Israeli Law Series 2 – Companies Law and Corporate Governance
Dec 05, 2017
In Part 1, we dealt with the types of business entities and foreign registration options in Israel. For Part 2, we would like to deal with Israeli corporate governance under the Companies Law 5759-1999 (“the Act”).
In this article, we will briefly outline the functions of company organs in Israel. This will include the duties, appointment and removal requirements for officers. These regulations are largely set out in the Act and according to the articles of association of the company.
The Companies Law – Background
Prior to Israel’s declaration of independence in 1948, it was governed by British Mandate. As a consequence, the British common law has a strong influence over Israel’s companies laws and regulations. The country’s companies law also underwent a major overhaul with the adoption of the Act in 1999. It introduced many new approaches, and brought the law closer to that of the Delaware law of corporations.
The Companies Law has also undergone a number of amendments, with the most recent 28th amendment published on March 17, 2016.
Purpose of a Company
According to the Act, the purpose of a company shall be to operate in accordance with business considerations in realizing profits, and within such a scope, the interests of creditors, its employees and the public.
Donations are considered within the scope of such business considerations if provided for in the articles of association. This however does not apply to companies established for public purposes only where the articles of association prohibit the distribution of profits to shareholders.
Structure of a Company
The organs of a company consist of:
- the general meeting of shareholders,
- the board of directors,
- the general managers,
- and any person whose acts are considered acts of the company by virtue of law or the articles of association.
The company shall be directly liable in tort for any civil wrongs committed by its organs.
Israeli public companies must have at least 7 shareholders. They may offer their shares and debentures to the public on the stock exchange by issuing a prospectus approved by the Securities Authority, or, where there are 35 investors or less, through private placements.
Public companies must file financial statements with the Companies Registrar. If listed on the stock exchange, they must abide by the regulations of the exchange and the Securities Authority.
Under the Act, public companies must also hold a general meeting of shareholders at least once a year at which time they must present their managers’ report and audited financial statements. Also, public companies must have at least two outside, or independent, directors on the board who serve as representative of the public.
Israeli private companies, on the other hand, are either limited by shares or by guarantee and may have between 2 to 50 shareholders. Transfer of shares by private companies is subject to board approval.
Furthermore, unlike public companies, private companies may not offer their shares or debentures to the public. They are not obligated to publish a prospectus in order to issue securities, or submit audited financial statements to the Registrar of Companies.

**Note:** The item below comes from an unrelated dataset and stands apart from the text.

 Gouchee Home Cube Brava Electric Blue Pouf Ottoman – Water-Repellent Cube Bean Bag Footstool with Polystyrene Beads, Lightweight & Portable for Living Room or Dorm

Composition Requirements for Officers
At least 2*
* At least two outside directors shall hold office in a public company
At least 1
1 or more
1 or more
1 or more
1 or more*
No less than 3 members of an Audit Committee and all outside directors shall be members thereof.
Privately held companies may, but are not required to, appoint an audit committee.
Companies must hold a general meeting of shareholders every year. This must be done no later than 15 months from the date of the previous annual general meeting. This is so that deliberation and approval cam be given to the annual financial reports and the reports of the board of directors.
Private companies may provide in its articles of association that it is not required to have an annual general meeting unless it is required to appoint an auditor or if a shareholder or director requires it to be held.
Other than deliberation and approval of financial reports and board reports, the general meeting’s powers, as set out in Part III, Chapter 2 Article A of the Act; include making resolutions with respect to matters such as: altering the articles of association; appointment of auditors; increase and reduction of share capital; and company mergers. These matters cannot be excluded or contracted out, however, a company may add matters where resolutions shall be passed by the general meeting within its articles of association.
The annual general meeting shall appoint the directors of the company unless the articles of association provide otherwise.
Where the board of directors is precluded from exercising its powers, the general meeting may exercise those powers in its place. Also, if stated in the articles of association, the general meeting can exercise the powers of other organs for a certain period of time or for certain matters.
Various voting rights may be provided for different classes of shares in the articles of association, where no such provisions have been provided for, each share shall be equal to one vote.
The general meetings of public companies with shares offered to the public in Israel only, or whose shares are traded on a stock exchange in Israel only, must be held in Israel.
The agenda for the general meeting shall be set by the board of directors, or shareholders with at least one percent of the voting rights may request a certain appropriate matter be included in the agenda, and only resolutions regarding matters set out in the agenda may be passed by the general meeting.
The general meetings of private companies may pass resolutions without invitation and without convening a meeting, provided that it is passed unanimously by all voting right holding shareholders. Private company general meetings may also be held using any means of communication where all shareholders can hear each other simultaneously, unless the articles of association provide otherwise.
The Board of Directors
The board also has residual power and may, therefore, exercise any power of the company not granted to any other organ by law or by the articles of incorporation.
Powers of the board of directors (the board) are set out in Part III Chapter 3, Article A of the Act. Accordingly, the board has the power to act on behalf of the company, unless otherwise provided for in the company’s articles of association. More specifically the board shall determine: the company’s plan of action; funding, financial status, set credit limits, organizational structure, preparation of financial reports, company reports for the annual general meeting; appointment and removal of the general manager, allocation of shares and securities; and opinions on special tender of actions of the company.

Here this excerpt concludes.